In April 2021, Major League Baseball (MLB) announced that it was moving the upcoming All-Star Game out of Georgia in response to the state's new restrictive voter law and would instead be hosting the game at Coors Field in Denver, Colorado. Shortly after this news broke, political pundits started posting messages comparing the voter laws in Denver to Georgia's new voter law.
The National Review, for instance, wrote:
Another funny way of showing your concern for alleged “voting restrictions” is by moving the All-Star Game to a state that in many ways has voting laws at least as stringent as Georgia’s. To vote in Colorado, a person needs photo identification, just as they do at the will-call window at Coors Field.
But in the very next sentence, the Review confusingly added: "Like Colorado, Georgia allows voters without ID to use the last four digits of their Social Security number, a bank statement or utility bill, a paycheck, or any other government document with their name and address." Furthermore, the Review linked to Colorado's Secretary of State website, which confirmed that people can use a "copy of a current (within the last 60 days) utility bill, bank statement, government check, paycheck, or other government document that shows the name and address of the elector" as a form of identification. In other words, a Colorado voter may use any of several forms of identification, including some without a photo, in order to vote.

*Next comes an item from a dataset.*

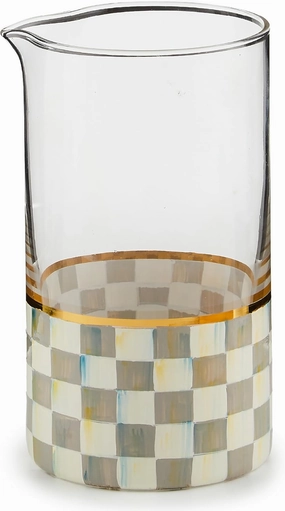 MACKENZIE-CHILDS Mixing Glass, Tall Cocktail Mixing Glass with Spout, Bar Accessory, 2.5 Cups, Gray-and-White Sterling Check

Republican communicator Matt Whitlock also shared an incomplete list of Colorado's voter-ID requirements:
Georgia Gov. Brian Kemp even made the erroneous claim about photo IDs during an appearance on Fox News. Kemp said:
They have 15 [days of in-person voting]. We have 17. They have a photo ID requirement for in-person voting as we do.
To be clear, Colorado does not require photo ID to vote in person.
While Kemp is right to say that Georgia has more days for in-person voting than Colorado, he failed to mention that Colorado is an all-mail voting state, which means that every eligible voter in Colorado receives a mail-in ballot before an election. While people still have the option to vote in person if they chose to (and can register the same day as the election), the vast majority of voters choose to vote by mail. In 2020, more than 99% of Colorado's vote arrived via mail.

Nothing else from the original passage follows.